Work request:
A faithful copy of the listing below is needed, one that contains no pictures.

Data provided:
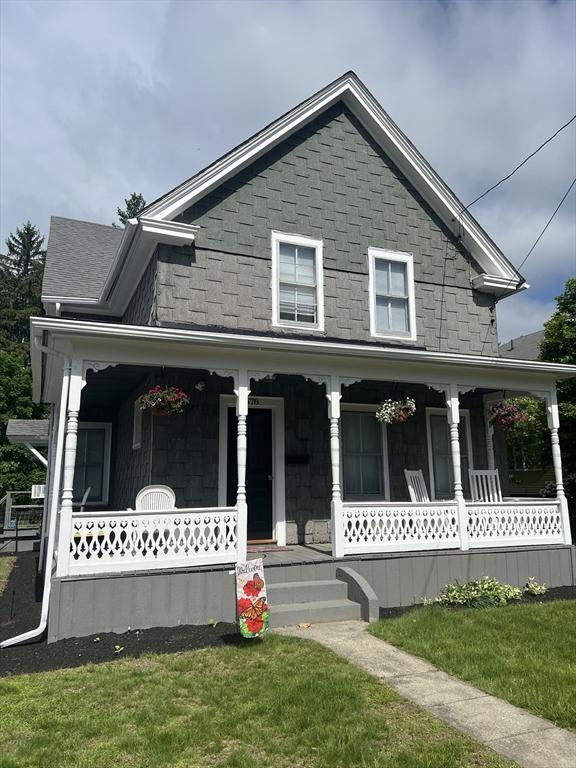 678 School St, Webster, MA 01570 - victorian house featuring a porch, a front lawn, and stone siding
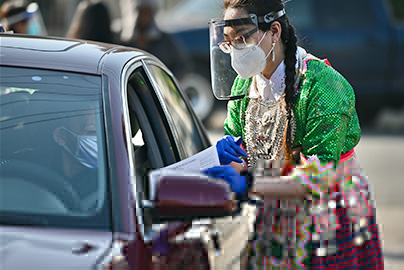 Hmong patient receiving vaccine through community drive-through and outreach in Sacramento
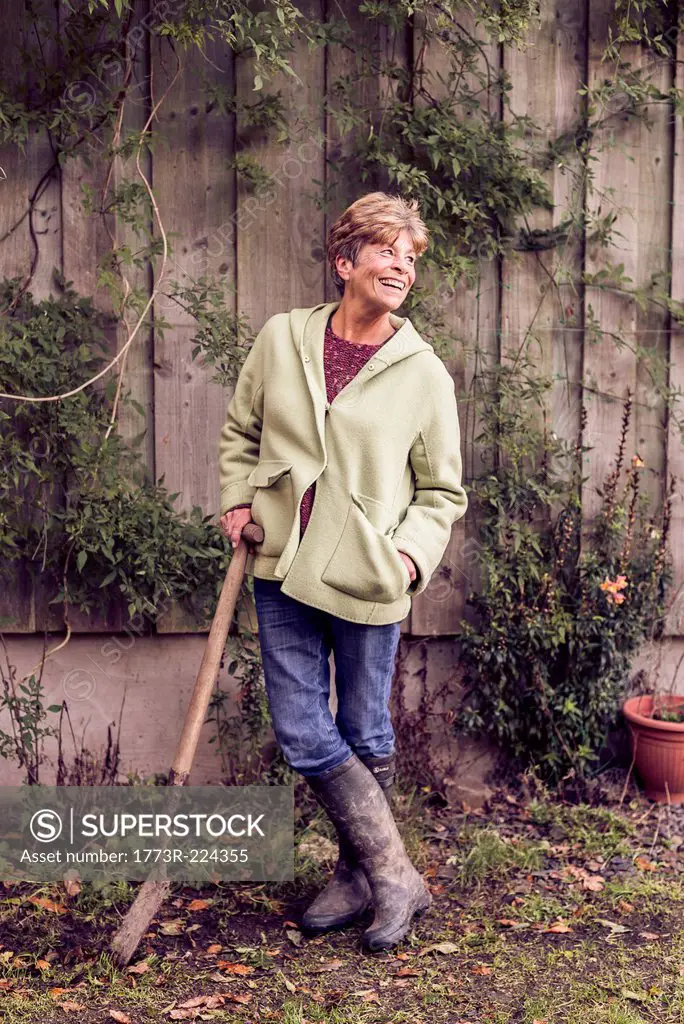 Portrait of mature woman leaning on spade in garden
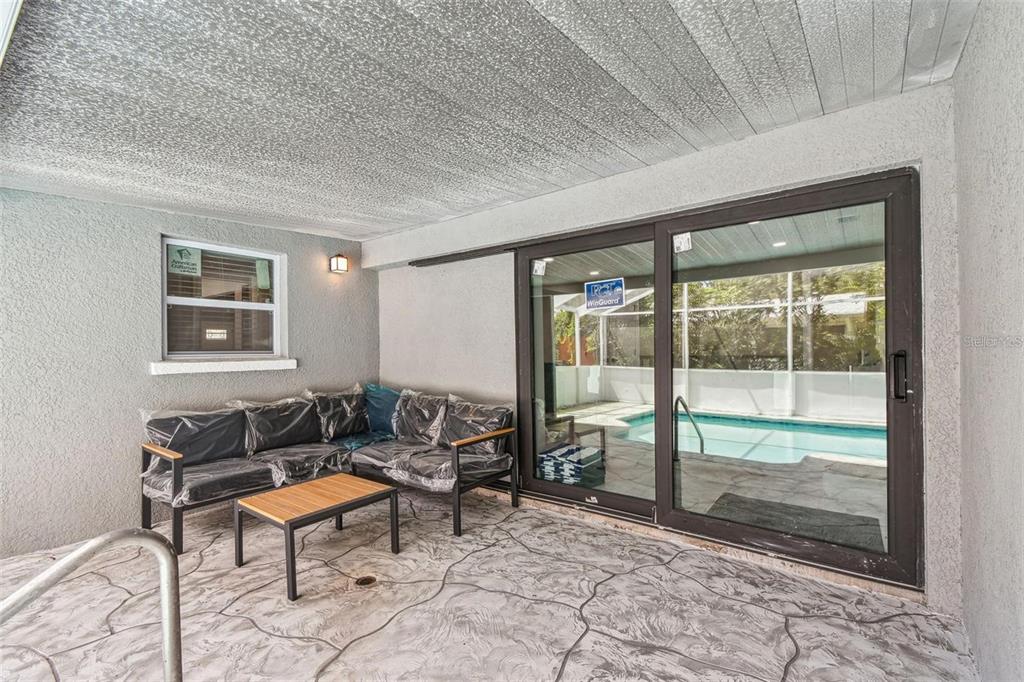 2042 Craft Lane Sarasota, FL 34239 - Photo 94 of 100 a living room with furniture and a floor to ceiling window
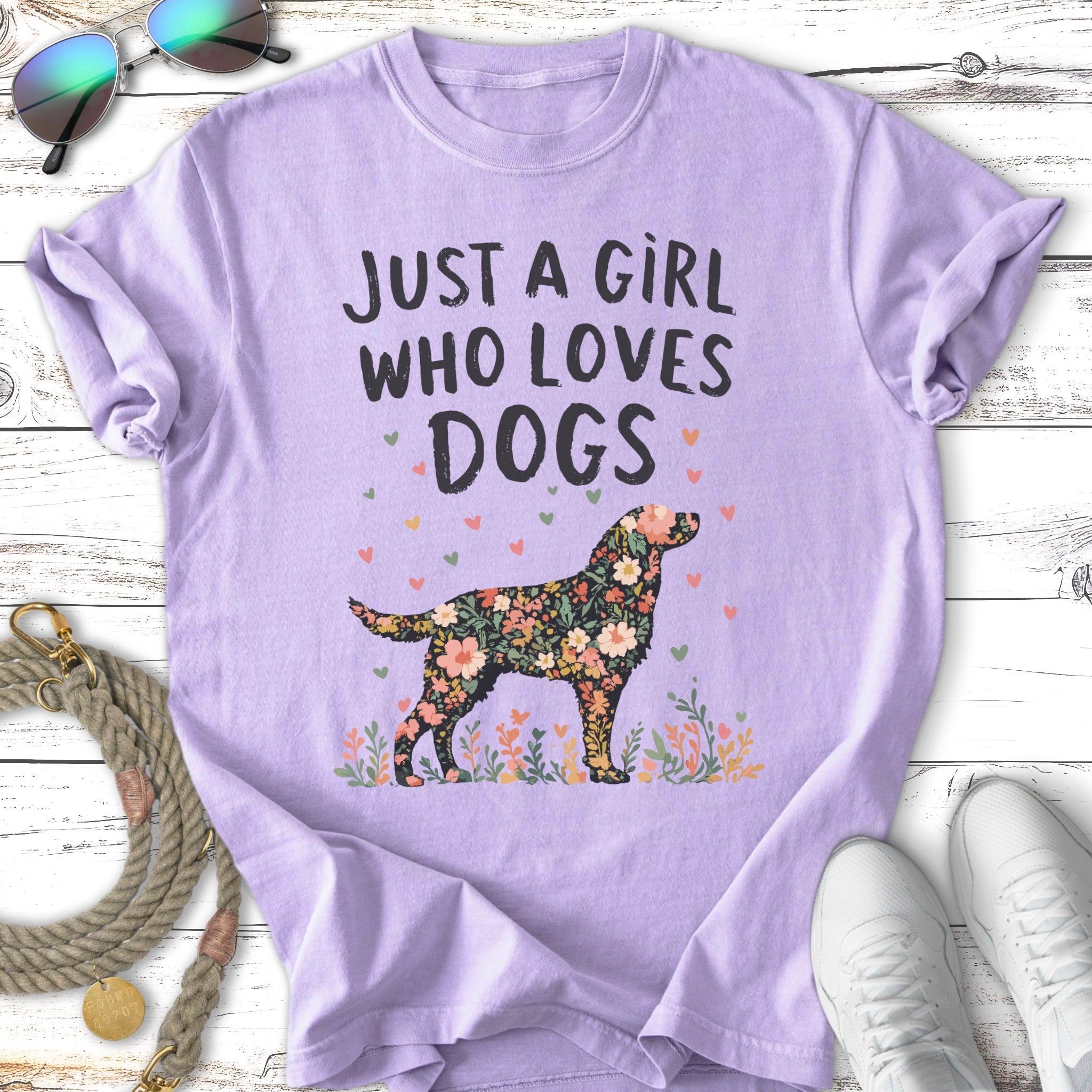 Purple t-shirt with floral dog graphic and "Just a girl who loves dogs" text.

Result of this exercise:
 678 School St, Webster, MA 01570 - victorian house featuring a porch, a front lawn, and stone siding
 Hmong patient receiving vaccine through community drive-through and outreach in Sacramento
 Portrait of mature woman leaning on spade in garden
 2042 Craft Lane Sarasota, FL 34239 - Photo 94 of 100 a living room with furniture and a floor to ceiling window
 Purple t-shirt with floral dog graphic and "Just a girl who loves dogs" text.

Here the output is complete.